So, if you gunslingers out there are still listening, put ‘em down.

Isn’t saving thousands of lives worth the price of finding a new hobby? I say it’s certainly worth a shot. no pun intended.

—————————————————————————-

His address is mcsanyi@indiana.edu.

Or you can e-mail letters to the campus newspaper at

letters@indiana.edu.

Bob Prudens Response

Mr. Csanyi, let me begin by saying that I started at Indiana University in 1949, well before you were born. In fact, I was in the first group to live in what is now McNutt Quadrangle.

That aside, let me proceed to what I guess we could charitably refer to as your ideas concerning the Second Amendment to the Constitution. First, you missed on the dates, sir. Since the Bill of Rights was ratified in 1791 and drafted in 1789, your statement of the origin was off by a few years. But we won’t quibble over that. I understand you are an education major and not a historian. I do hope you will check your facts more closely once you begin teaching others though.

You cannot really begin a debate by stating that those who oppose you are not intelligent. Sir, I’ll stack my IQ and GPA against yours any day. You display an appalling lack of manners with your constant putdowns of anyone who is a gun owner or believes in the efficacy of the Second Amendment.

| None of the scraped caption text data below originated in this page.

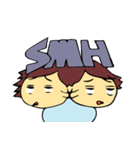 悟り女子 英語（個別スタンプ：6）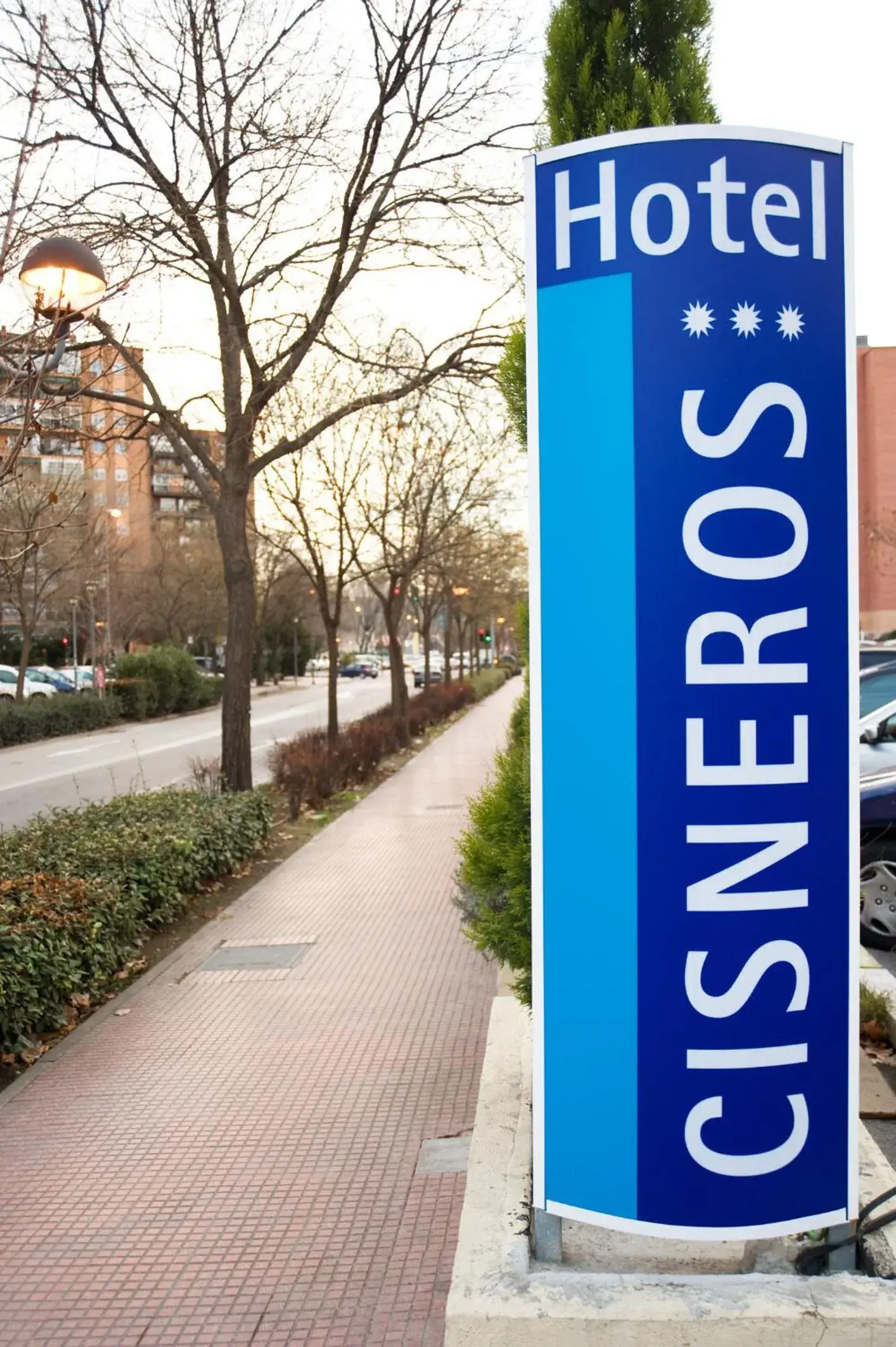 Facade/entrance in Hotel Cisneros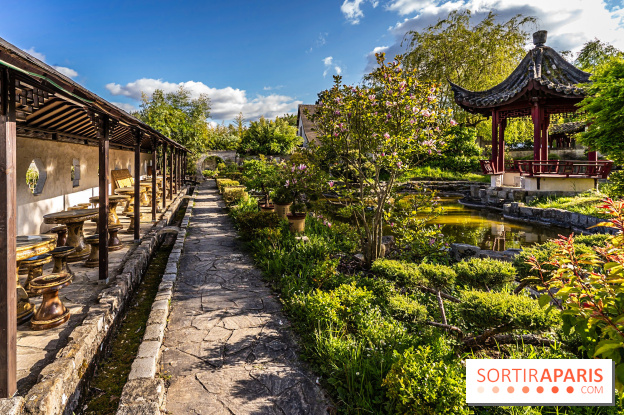 Jardin Yili, le jardin chinois caché dans les Yvelines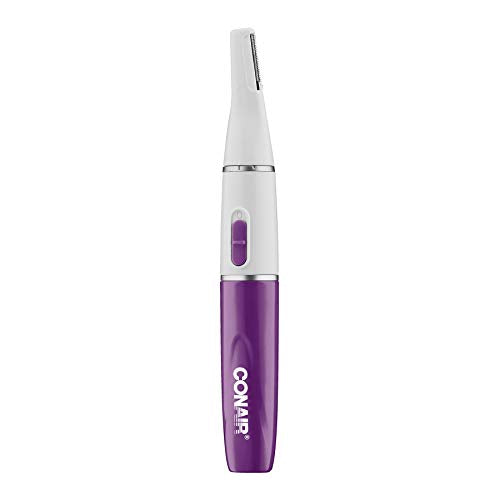 Conair satiny smooth Ladies' personal trimmer, 1 Count, Purple, LLT2L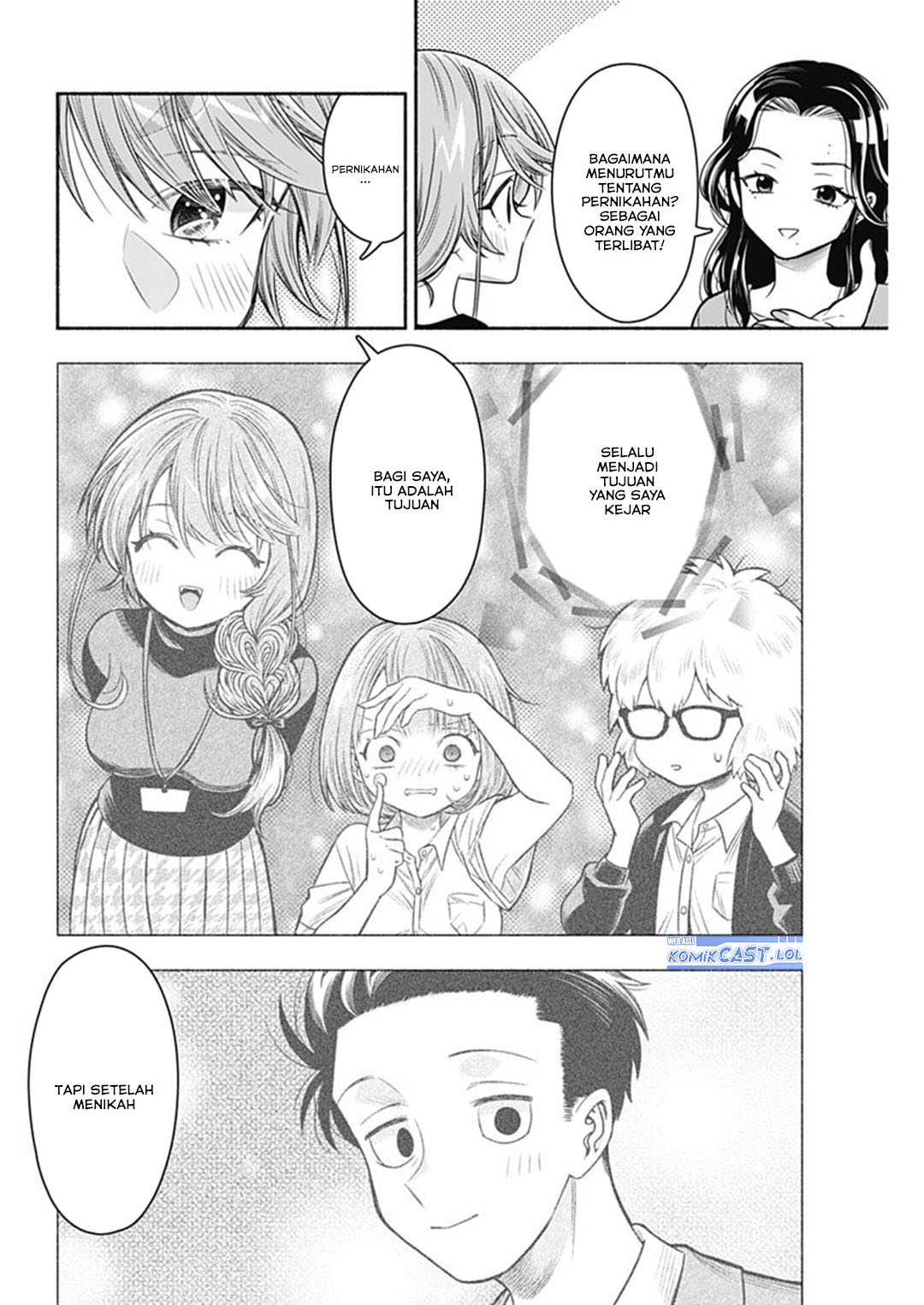 Marriage Gray Chapter 67 Gambar 9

You state that members of the NRA have been “misled by the propaganda spewed forth….” Well , sir, try Doctor Gary Kleck of Florida State University. Have you ever read any of his treatises on firearms and firearm owners? Dr. Kleck is a certified liberal. He belongs to every Green organization known to man, but he is guided by facts and not emotion. His studies, repeated twice, have shown that ordinary citizens use a gun to defend themselves from criminal attack between 750,000 and 2.4 million times each year. Now before you say this is more propaganda from the NRA, his original study won an award from the American Society of Criminologists as the best bit of research in the field of Criminology in the year it was published, 1993.

I suppose you think that the research of Dr. John Lott and Dr. David Mustard (before Dr. Mustard got his Ph.D.) is “flawed.” I have heard that stated, but the individuals never explained how it was flawed. There was the ad hominem attack by Senator Schumer, which he was forced to retract, but nobody has refuted the study itself other than with rhetoric.

But I digress, you maintained that, “no federal court has ever overturned a gun control law on the basis of the Second Amendment.” Try, US v Timothy Joe Emerson. Judge Sam Cummings of the Northern District of Texas, held that the Lautenberg law (18 USC 922g) was unconstitutional because it violated the Second and Fifth Amendments. Now it is on appeal to the Fifth Circuit, where oral arguments were held last June, but Judge Cummings is a federal judge, and he did overturn a gun control law on Second Amendment grounds. So you were wrong again.

Are you familiar with a gentleman named Sanford Levinson? He is a real Liberal of the Harvard/Yale liberal stripe. Well, Mr. Levinson published a study a few years ago about “The Embarrassing Second Amendment.” Mr. Levinson believed it would be a very simple matter to show that the Second Amendment did not apply to individuals. After looking into it, he found that it did. Hence the title of his monograph. He was mortified to find that he had thought all his adult life that it did not, but it did. He at least had the intellectual honesty to publish his findings and admit that he was wrong.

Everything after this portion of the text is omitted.